Dass der Sommer buchstäblich ins Wasser gefallen ist, dürfte mittlerweile jedem klar sein. Doch dies sollte – auch dank der vielen großartigen Festivals – kein Grund sein, traurig zu werden. Denn dies bedeutet nur, dass die Indoor-Konzerte wieder losgehen. So starteten Highasakite eindrucksvoll im Ampere des Muffatwerks und bescherten ihrem Publikum ein bezauberndes Konzert.

Einen zähen und anstrengenden Auftakt machten Farao, die sich zwar nahtlos in die lange Reihe der Singer-Songwriter eingliedern, aber mit ihren seichten Songs keineswegs Begeisterungsstürme auslösen konnten. Im Gegenteil: Man musste sich zwingen, zuzuhören.
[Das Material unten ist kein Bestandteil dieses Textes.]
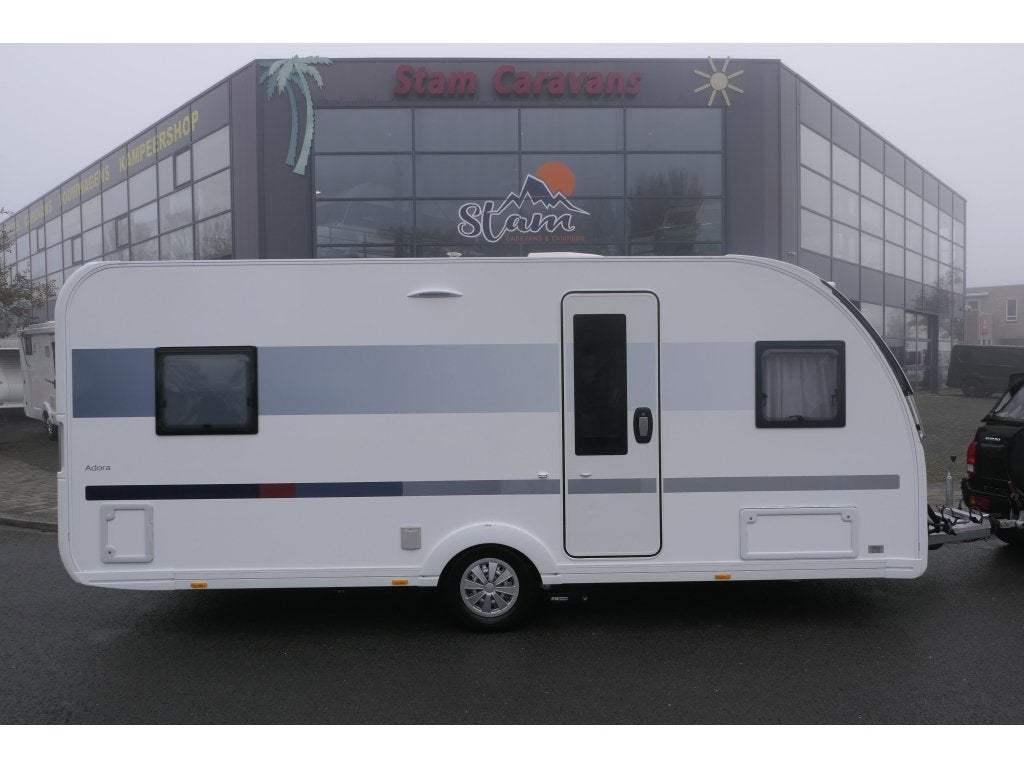 Adria Adora 522 UP Mover, Airco,deeltent, Caravans en Kamperen, Rondzit, 5 tot 6 meter, 1250 - 1500 kg, Tot en met 4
Laut, aufgeweckt und poppig ging es weiter, als Highasakite die Bühne betraten. Eine Welle der Melancholie durchflutete das Ampere, die immer wieder eingängigen, tanzbaren Passagen wich.
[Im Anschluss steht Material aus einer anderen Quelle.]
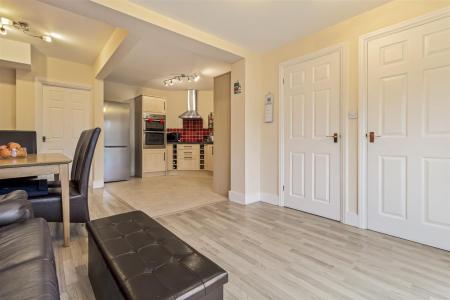 67 Elm Grove-006.JPG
Energisch und mit hohem stimmlichen Wiedererkennungswert präsentierten sich die Norweger. Dieser ist nicht zuletzt auch Sängerin Ingrid Helene Håvik zu verdanken, deren Stimme sich sanft über die Synthesizer und Bläserparts legt.

Es macht Spaß, dieser Band, wenn auch ab und zu ein wenig übersteuert und zu laut, zuzuhören. Denn mit ihrer Musik transportieren sie zwar nicht die ganz großen Gefühle, dafür aber dieses Bisschen, das den Unterschied macht. Es sind oftmals die einfachen Melodien und Texte, die das Potential haben, glücklich zu machen. Genau dieses kleine bisschen Glück durften die Besucher an diesem Abend mit nach Hause nehmen.(A.E.)